Can China Be the Next Egypt The globalisation of revolution Revolutions are caused by human agency; not telecommunications technologies, scholar argues.



Around the world, people are wondering what kind of example Egypt will provide in their future struggles for democracy and equality, says Tarak Barkawi [GALLO/GETTY]
To listen to the hype about social networking websites and the Egyptian revolution, one would think it was Silicon Valley and not the Egyptian people who overthrew Mubarak.
Via its technologies, the West imagines itself to have been the real agent in the uprising. Since the internet developed out of a US Defense Department research project, it could be said the Pentagon did it, along with Egyptian youth imitating wired hipsters from London and Los Angeles.
Most narratives of globalisation are fantastically Eurocentric, stories of Western white men burdened with responsibility for interconnecting the world, by colonising it, providing it with economic theories and finance, and inventing communications technologies. Of course globalisation is about flows of people as well, about diasporas and cultural fusion.

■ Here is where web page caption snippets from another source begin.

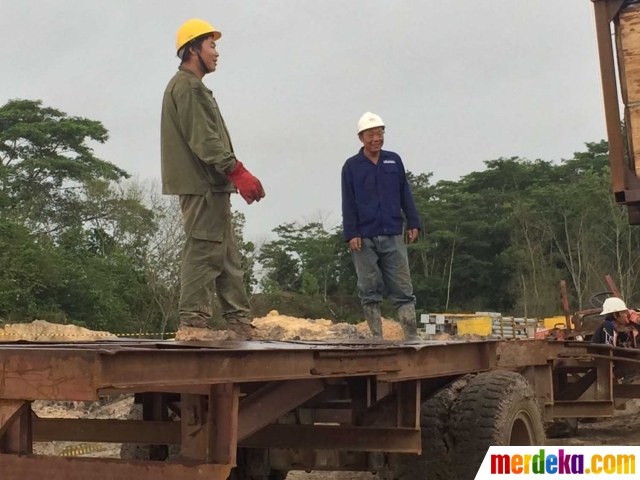 Foto : Menguak aktivitas pekerja China ilegal di PLTU 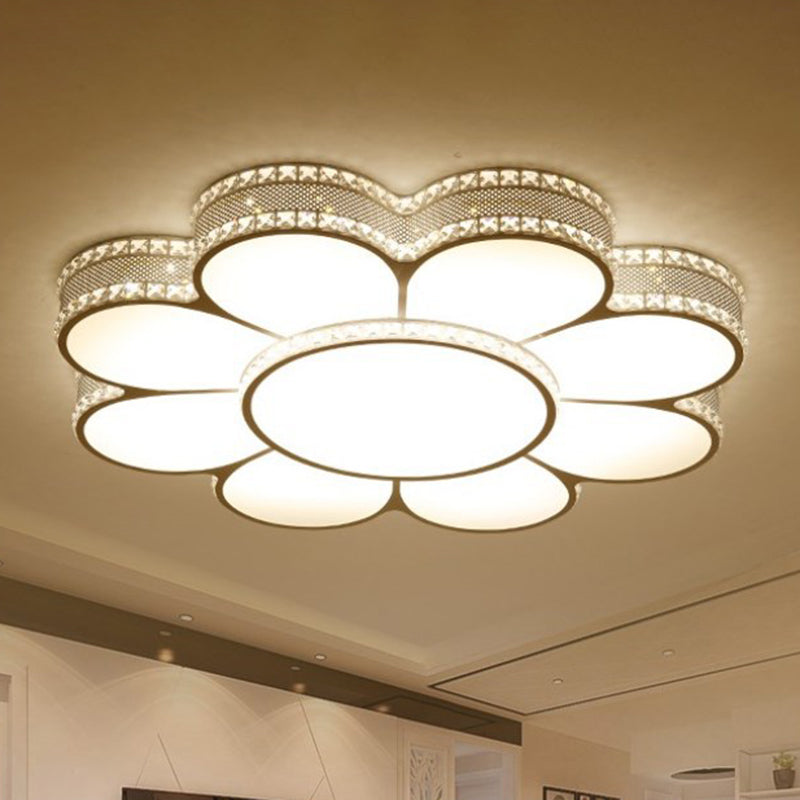 White 19.5"/23.5"/31.5" W LED Flush Light Modern Acrylic Petal Ceiling Flush Mount Lamp in Warm/White/3 Color Light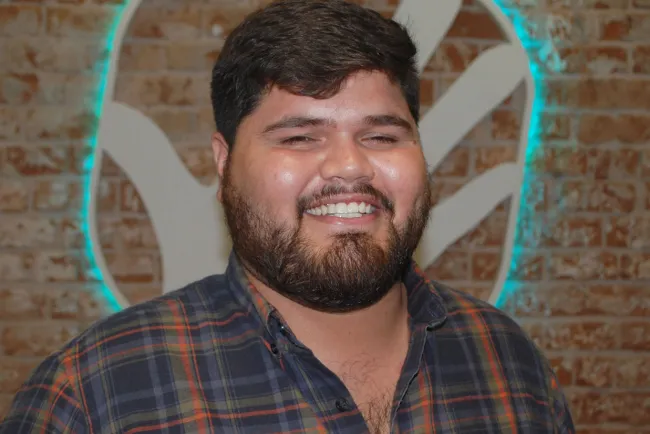 Ofrece Alcalde apoyo a niños y jóvenes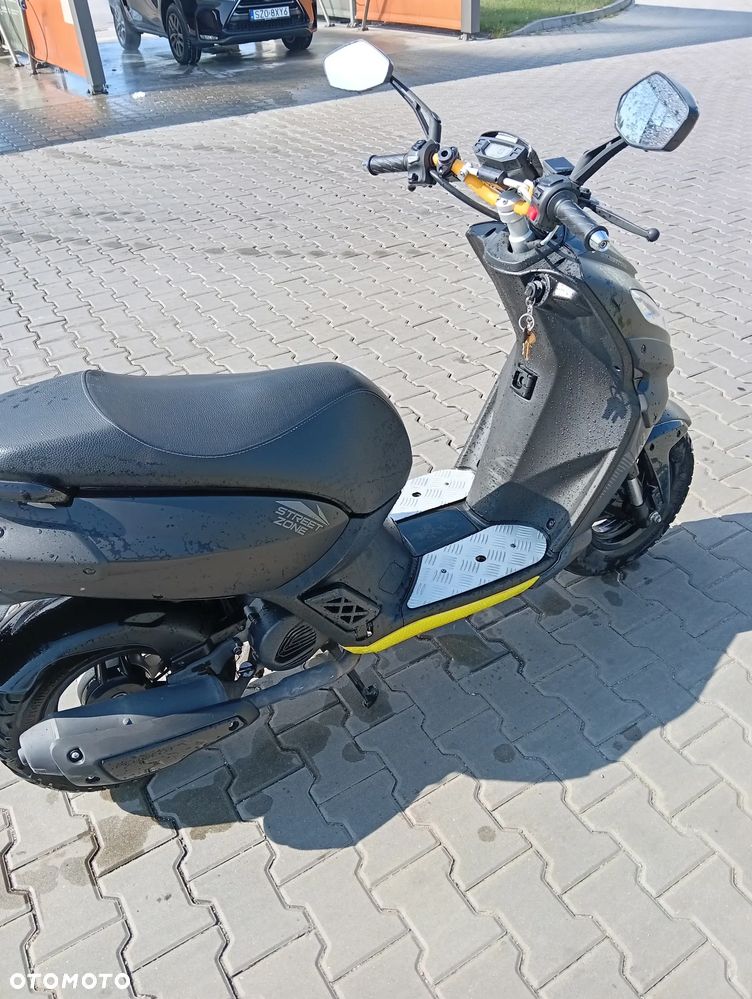 Peugeot Kisbee - 3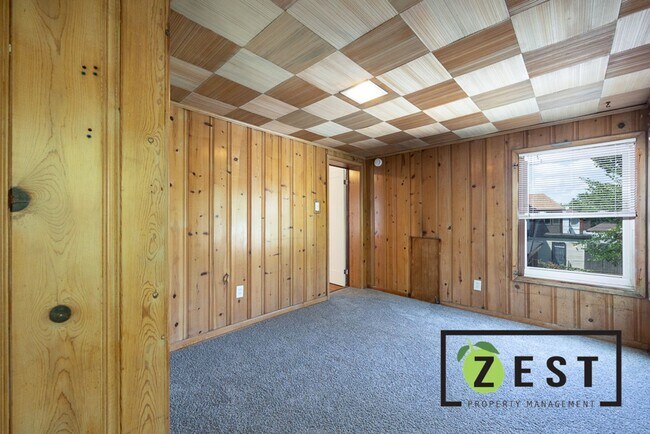 Building Photo - 17352 Roselawn St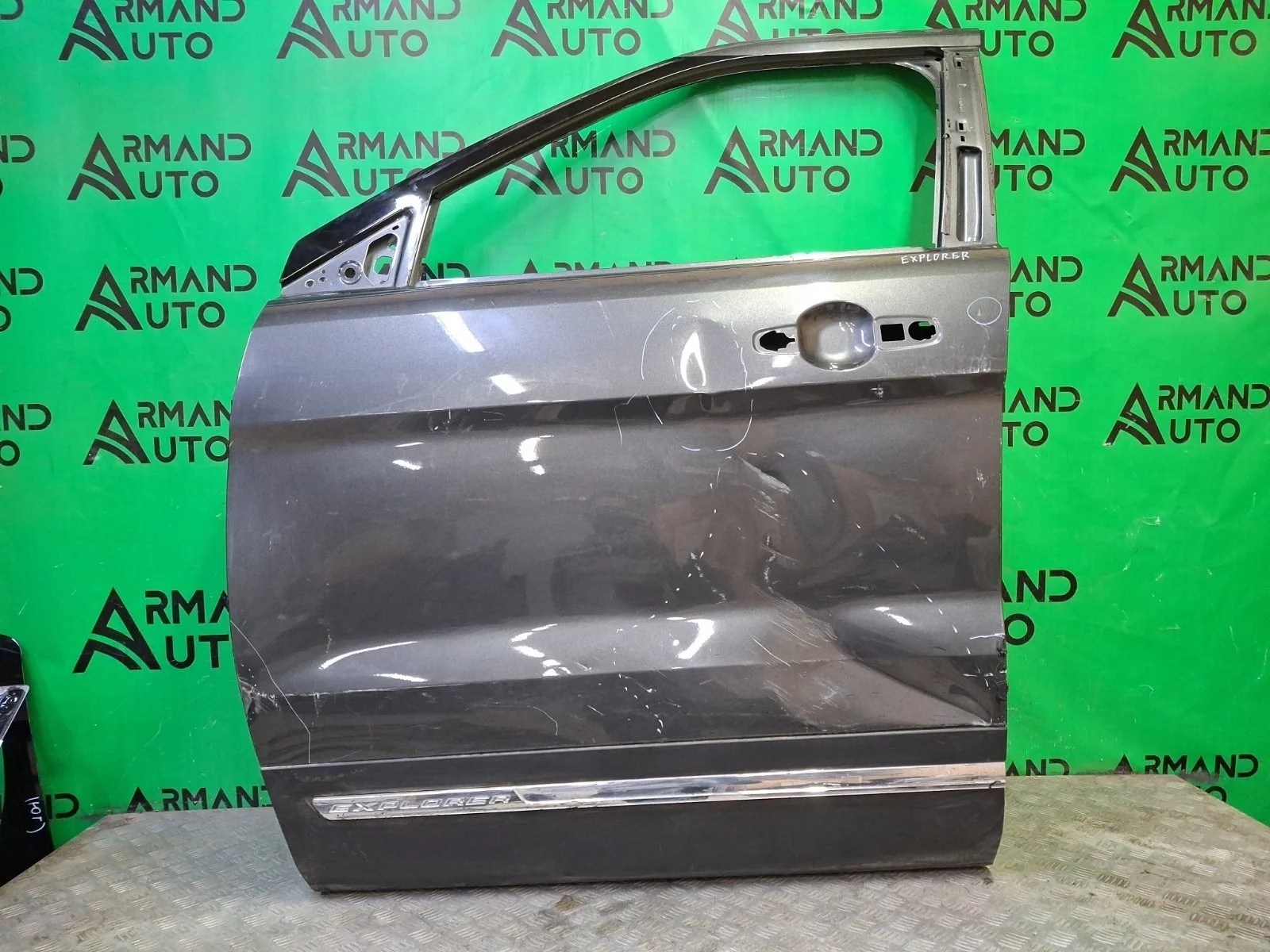 Дверь Ford Explorer 2015-2019 U502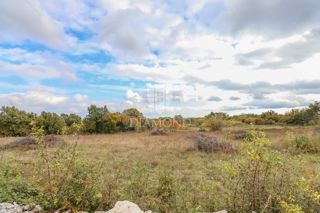 Marčana, dintorni, terreno in una posizione tranquilla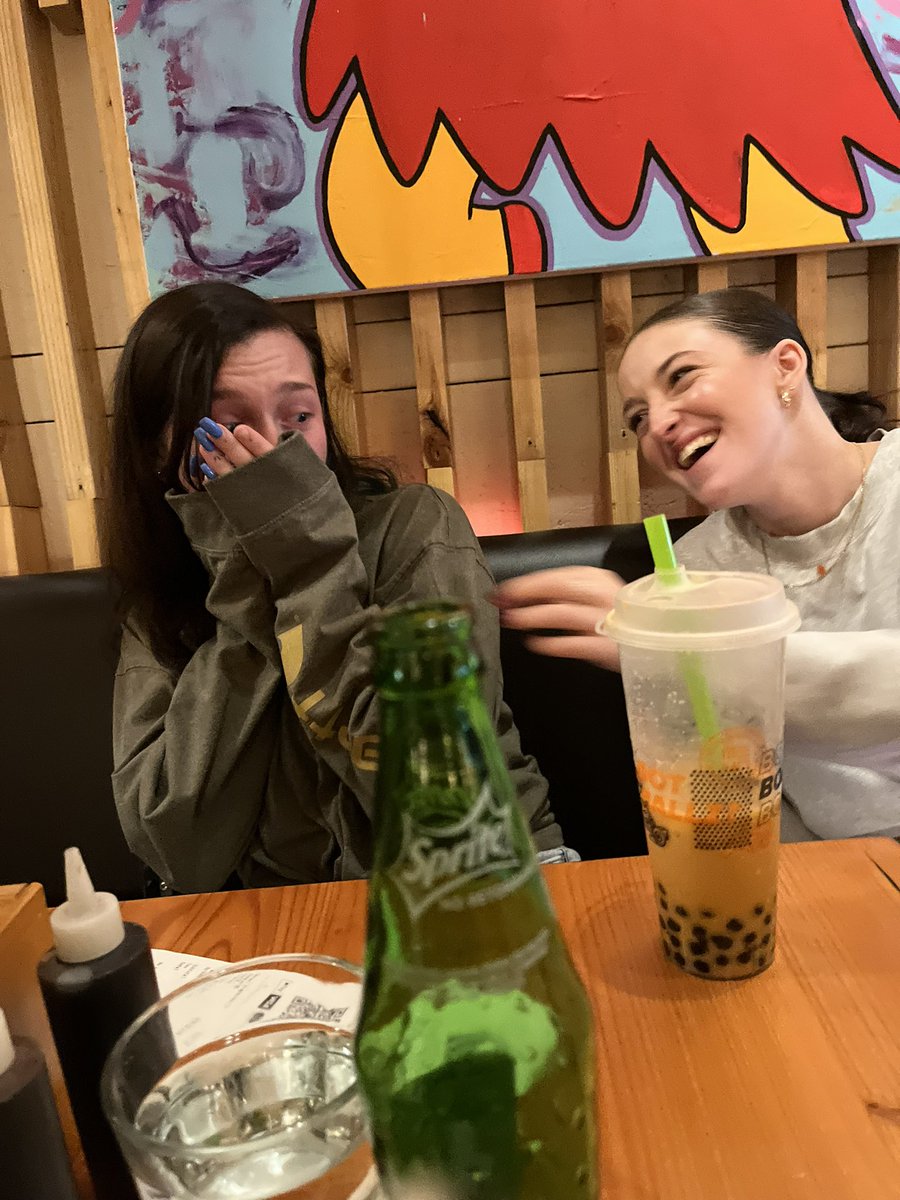 autumnamess's tweet photo. Have you ever seen someone more scared of boba than lauren? https://t.co/ueE85rTb6X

But neither version is particularly useful for organising resistance to the local dictatorship. In any case, the internet was turned off at decisive moments in the Egyptian uprising, and it was ordinary Egyptians, mothers and fathers, daughters and sons, who toppled the regime, not the hybrid youth of the global professional classes.
Nothing new about globalisation
Are there other tales of globalisation, perhaps those told by rebels and guerrillas?
Globalisation is also coming to awareness of the situations of other peoples, such as those similarly oppressed by local and faraway powers. Of particular interest are those moments when these peoples rise up, when they devise forms of revolt and struggle. Defeats provide lessons, and victories give hope. These revolutions need not be on satellite TV to effect their instruction. Revolutionaries in France and Haiti in the 1790s received news of one another''''s activities by the regular packet ship that plied between Jamaica and London.
Sailors, slaves, and workers circulating in the Atlantic between the seventeenth and nineteenth centuries shared and improved upon their repertoires of revolt and resistance, bringing the good news to ports from Rio to Boston, Bristol to Havana.
When Indians rose in revolt in 1857, Frederick Engels analysed their mistakes - like the Libyan rebels today, they were too eager to stand and fight against a better organised opponent. Engels publicised the uprising in a series of newspaper articles that ultimately inspired Mao Tse-tung''s theories of guerrilla warfare, which went on to circulate as well-thumbed texts in the pockets of Vietnamese, Cuban, Algerian and other revolutionaries (and of those who sought to defeat them).
Before Mao, Chinese nationalists and intellectuals at the turn of the twentieth century staged operas about the dismemberment of Poland and looked to the Boers, the Filipinos and others fighting imperialist oppressors, all in order to think through their own situation.
This is the globalisation of revolution, and these are the histories within which the Tunisian example belongs, the example that so inspired the Egyptian people. News of it might as well have arrived in Egypt by caravan as by fiber optic cable, it would still have been electric, the very idea that the solitary stand of a fruit seller could bring down the big men. The agency was human, the act political.
But these are also histories of despair, self-immolation and tragedy. Few peoples have resisted as have the Vietnamese, but at what cost, and for the reward of delayed re-entry into the capitalist world system. It is a blessing that the voice of the Algerian revolution, Frantz Fanon, who hailed from Martinique, is not alive to see the state of Algeria today.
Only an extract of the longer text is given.